======== Data block
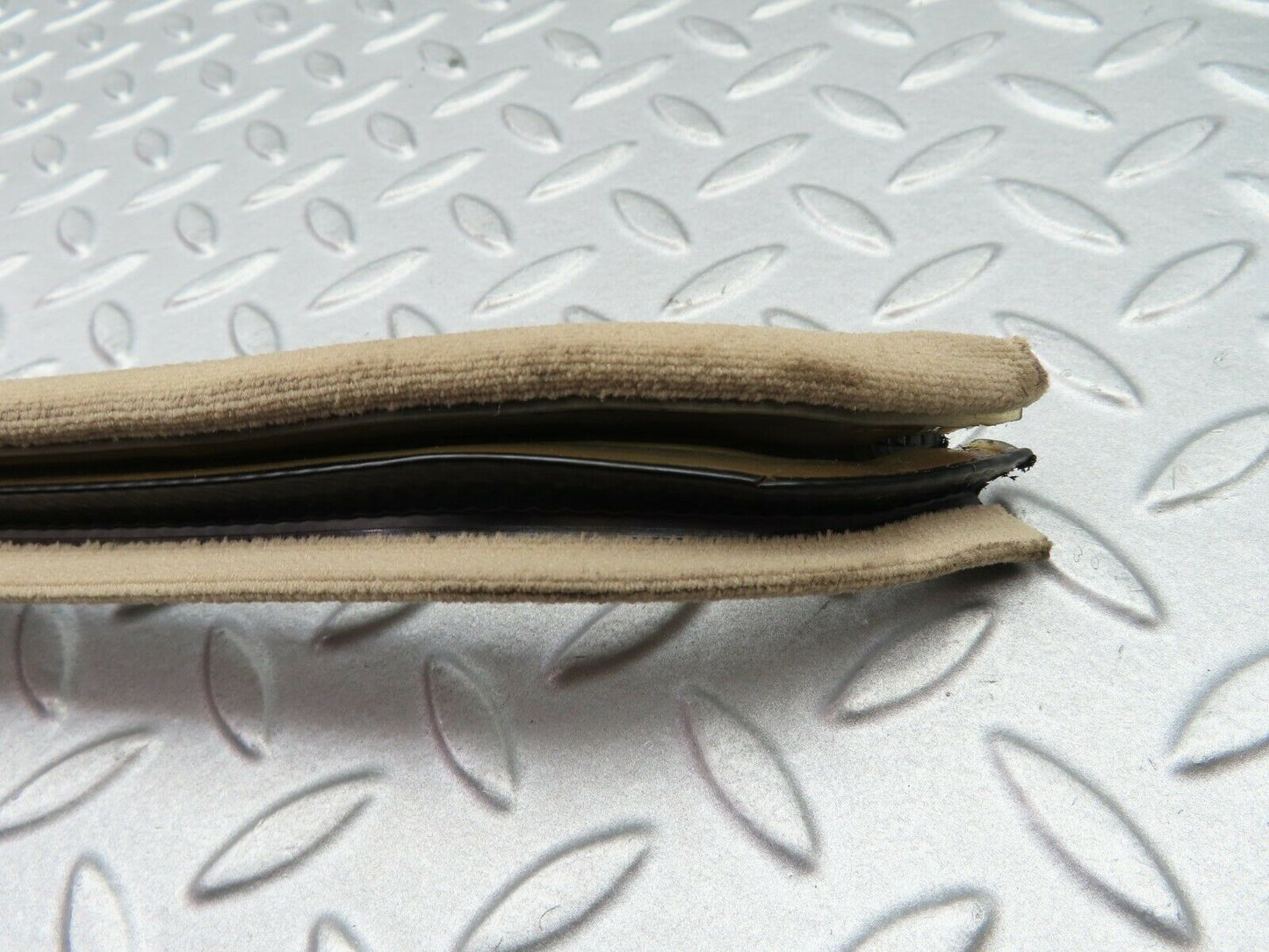 5500 Mercedes-Benz W124 230E Front Left Door Frame Rubber Seal Beige Cloth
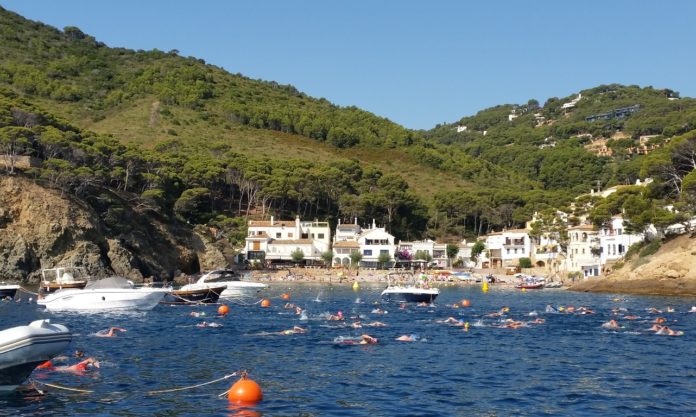privat:-la-travessa-s’eixugador-aiguafreda-de-begur,-diumenge,-torna-a-solidaridar-se-contra-la-leucemia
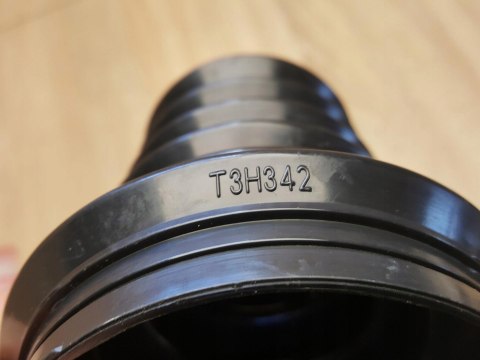 OSŁONA PRZEGUBU PÓŁOSI NAPĘDOWEJ T3H342 OSŁONA PRZEGUBU PÓŁOSI NAPĘDOWEJ T3H342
================
• **Task objective**: Would you please output the listing above exactly, leaving out the pictures?

• **Response area**:
 5500 Mercedes-Benz W124 230E Front Left Door Frame Rubber Seal Beige Cloth
privat:-la-travessa-s’eixugador-aiguafreda-de-begur,-diumenge,-torna-a-solidaridar-se-contra-la-leucemia
 OSŁONA PRZEGUBU PÓŁOSI NAPĘDOWEJ T3H342 OSŁONA PRZEGUBU PÓŁOSI NAPĘDOWEJ T3H342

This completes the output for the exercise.